March 2017 marks the 100th anniversary of the start of the Russian Revolution, which led to the eventual rise of communist rule in Russia. But just a few years after the Bolshevik Revolution, an ignoble footnote in history emerged.
A few years after the Soviet Union became the world’s first communist state in the 1920s, a little-known but devastating famine ravaged the Russian countryside. The Povolzhye famine started in 1921 and ran until 1922, leaving millions dead and even more affected.
The famine was so bad that peasants were driven to practice the unthinkable: cannibalism. The Red Cross quoted a 1921 Soviet police report as saying, “Right now [the peasants] are digging up bodies in order to eat them.”
“After the killing fields of the First World War, the political upheavals in Russia and elsewhere, and the rampant spread of disease among exhausted communities, came the threat of food shortages that put an estimated 32 million lives at risk in Russia, Ukraine and Georgia,” said the Red Cross. “In 1921, on top of the political chaos that caused the breakdown of whatever health services existed, the region experienced a devastating drought, leading to a generalized famine.”
Photos captured during the distressing time show starving Russian farmers and workers—clad in thick coats—standing over children’s body parts. Apparently, the body parts were sold on the black market.
At least 5 million people died during the Povolzhye famine, which was triggered by policies initiated by Russian dictator Vladimir Lenin, who had been in charge of the Soviet Union since 1917. At the time, he instructed guards to take food from the poor. His Bolsheviks believed peasants were trying to undermine the war effort by taking their food away from the army.

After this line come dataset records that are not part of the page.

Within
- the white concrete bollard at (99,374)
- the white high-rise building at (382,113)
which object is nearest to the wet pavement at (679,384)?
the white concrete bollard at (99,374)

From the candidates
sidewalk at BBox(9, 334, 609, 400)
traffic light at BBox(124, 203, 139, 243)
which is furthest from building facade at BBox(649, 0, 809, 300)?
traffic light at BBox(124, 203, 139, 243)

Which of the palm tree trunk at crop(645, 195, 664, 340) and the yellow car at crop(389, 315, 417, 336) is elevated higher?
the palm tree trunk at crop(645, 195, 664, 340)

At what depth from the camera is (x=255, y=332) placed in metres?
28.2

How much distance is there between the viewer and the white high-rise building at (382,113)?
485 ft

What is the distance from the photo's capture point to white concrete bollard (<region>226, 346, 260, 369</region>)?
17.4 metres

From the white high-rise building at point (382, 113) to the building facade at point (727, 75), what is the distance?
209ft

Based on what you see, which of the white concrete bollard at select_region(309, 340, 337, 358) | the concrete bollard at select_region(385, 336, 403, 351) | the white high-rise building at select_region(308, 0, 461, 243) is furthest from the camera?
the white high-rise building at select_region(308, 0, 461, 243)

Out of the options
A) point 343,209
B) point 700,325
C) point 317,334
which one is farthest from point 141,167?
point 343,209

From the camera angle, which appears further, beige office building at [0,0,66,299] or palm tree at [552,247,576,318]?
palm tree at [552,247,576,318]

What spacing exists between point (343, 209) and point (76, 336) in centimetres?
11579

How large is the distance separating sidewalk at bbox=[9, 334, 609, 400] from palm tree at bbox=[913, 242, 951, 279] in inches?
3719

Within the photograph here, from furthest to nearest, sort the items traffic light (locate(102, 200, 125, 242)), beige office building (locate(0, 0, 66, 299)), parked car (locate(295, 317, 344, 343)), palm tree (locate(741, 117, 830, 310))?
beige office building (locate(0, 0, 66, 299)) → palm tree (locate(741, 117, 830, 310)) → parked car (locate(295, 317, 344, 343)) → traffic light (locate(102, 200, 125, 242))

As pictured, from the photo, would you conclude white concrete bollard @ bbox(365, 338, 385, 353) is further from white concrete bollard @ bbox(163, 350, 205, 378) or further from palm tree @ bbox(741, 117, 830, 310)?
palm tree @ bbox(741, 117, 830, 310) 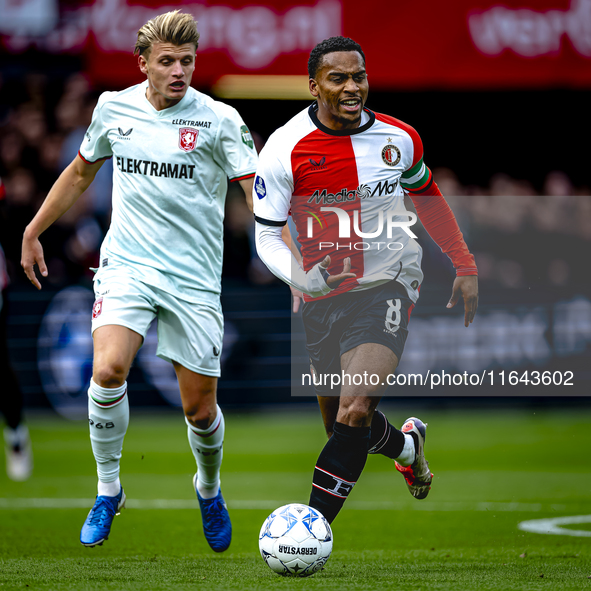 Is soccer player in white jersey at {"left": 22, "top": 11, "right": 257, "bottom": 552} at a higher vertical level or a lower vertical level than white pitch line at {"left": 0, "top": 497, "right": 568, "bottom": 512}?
higher

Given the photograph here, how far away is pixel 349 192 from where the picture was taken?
5262 millimetres

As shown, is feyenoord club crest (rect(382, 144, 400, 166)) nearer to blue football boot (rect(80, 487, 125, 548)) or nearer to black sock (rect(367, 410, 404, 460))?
black sock (rect(367, 410, 404, 460))

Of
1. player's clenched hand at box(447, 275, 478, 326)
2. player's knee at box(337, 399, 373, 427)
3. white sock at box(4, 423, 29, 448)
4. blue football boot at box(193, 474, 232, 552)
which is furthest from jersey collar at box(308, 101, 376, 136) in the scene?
white sock at box(4, 423, 29, 448)

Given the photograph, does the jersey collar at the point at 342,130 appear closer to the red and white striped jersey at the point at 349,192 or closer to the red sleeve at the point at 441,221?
the red and white striped jersey at the point at 349,192

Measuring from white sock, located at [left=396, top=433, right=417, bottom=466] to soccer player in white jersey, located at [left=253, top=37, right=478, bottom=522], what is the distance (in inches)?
11.1

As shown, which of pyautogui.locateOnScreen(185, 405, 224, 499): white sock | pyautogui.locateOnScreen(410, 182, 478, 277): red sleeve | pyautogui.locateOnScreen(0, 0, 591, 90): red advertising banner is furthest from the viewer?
pyautogui.locateOnScreen(0, 0, 591, 90): red advertising banner

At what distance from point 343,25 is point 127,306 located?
21.8 ft

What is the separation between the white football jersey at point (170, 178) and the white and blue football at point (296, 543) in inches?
52.9

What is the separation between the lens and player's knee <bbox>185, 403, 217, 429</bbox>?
18.2ft

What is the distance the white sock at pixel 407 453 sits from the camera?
225 inches

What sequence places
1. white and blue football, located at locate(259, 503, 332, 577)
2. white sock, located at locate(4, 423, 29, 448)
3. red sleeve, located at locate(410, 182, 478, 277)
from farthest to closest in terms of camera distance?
white sock, located at locate(4, 423, 29, 448), red sleeve, located at locate(410, 182, 478, 277), white and blue football, located at locate(259, 503, 332, 577)

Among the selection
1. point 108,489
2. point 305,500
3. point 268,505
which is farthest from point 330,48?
point 305,500

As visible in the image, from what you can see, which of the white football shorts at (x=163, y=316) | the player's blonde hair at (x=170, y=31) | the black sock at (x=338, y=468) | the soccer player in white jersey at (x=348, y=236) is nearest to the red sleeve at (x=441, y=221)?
the soccer player in white jersey at (x=348, y=236)

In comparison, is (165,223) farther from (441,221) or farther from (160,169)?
(441,221) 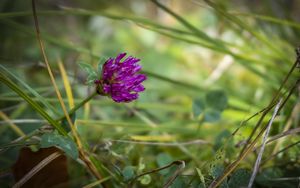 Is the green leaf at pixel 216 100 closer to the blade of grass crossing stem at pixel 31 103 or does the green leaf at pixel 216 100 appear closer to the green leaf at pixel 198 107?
the green leaf at pixel 198 107

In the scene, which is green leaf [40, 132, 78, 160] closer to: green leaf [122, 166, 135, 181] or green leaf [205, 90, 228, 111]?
green leaf [122, 166, 135, 181]

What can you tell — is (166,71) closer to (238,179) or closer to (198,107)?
(198,107)

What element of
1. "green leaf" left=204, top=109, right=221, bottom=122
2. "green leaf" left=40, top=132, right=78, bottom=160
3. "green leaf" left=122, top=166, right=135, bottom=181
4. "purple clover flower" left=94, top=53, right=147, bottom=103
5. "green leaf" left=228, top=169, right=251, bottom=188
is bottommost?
"green leaf" left=228, top=169, right=251, bottom=188

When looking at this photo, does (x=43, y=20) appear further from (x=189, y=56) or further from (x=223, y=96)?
(x=223, y=96)

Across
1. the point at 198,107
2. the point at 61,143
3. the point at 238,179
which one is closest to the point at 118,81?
the point at 61,143

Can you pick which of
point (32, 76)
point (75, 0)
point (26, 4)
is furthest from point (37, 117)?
point (75, 0)

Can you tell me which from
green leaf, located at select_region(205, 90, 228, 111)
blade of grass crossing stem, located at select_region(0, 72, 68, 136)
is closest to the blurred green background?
green leaf, located at select_region(205, 90, 228, 111) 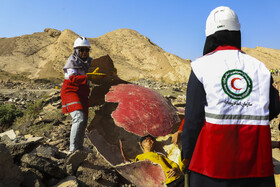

This famine, however, should not be confused with the Soviet “Great Famine,” known as the Holodomor in Ukraine, which lasted between 1932 and 1933, left many millions more dead under Joseph Stalin. But as Lenin himself said, “Let the peasants starve.”
The Red Cross noted:
Thousands of villages were abandoned by their wretched inhabitants, who went scavenging for food wherever they could hope to find it. They survived on grass, clumps of earth, domestic animals… and even human flesh. In June 1921 Lenin acknowledged the looming tragedy, and the writer [Maxim] Gorki appealed to the world for help. The leadership of the Soviet Red Cross sent a message to Geneva underlining the urgency of the situation.
According to aid workers who arrived from the United States and Europe in 1921, “Ghastly rumours about sausages prepared with human corpses, though officially contradicted, were common. In the market, among rough huckstresses swearing at each other, one heard threats to make sausages of a person.”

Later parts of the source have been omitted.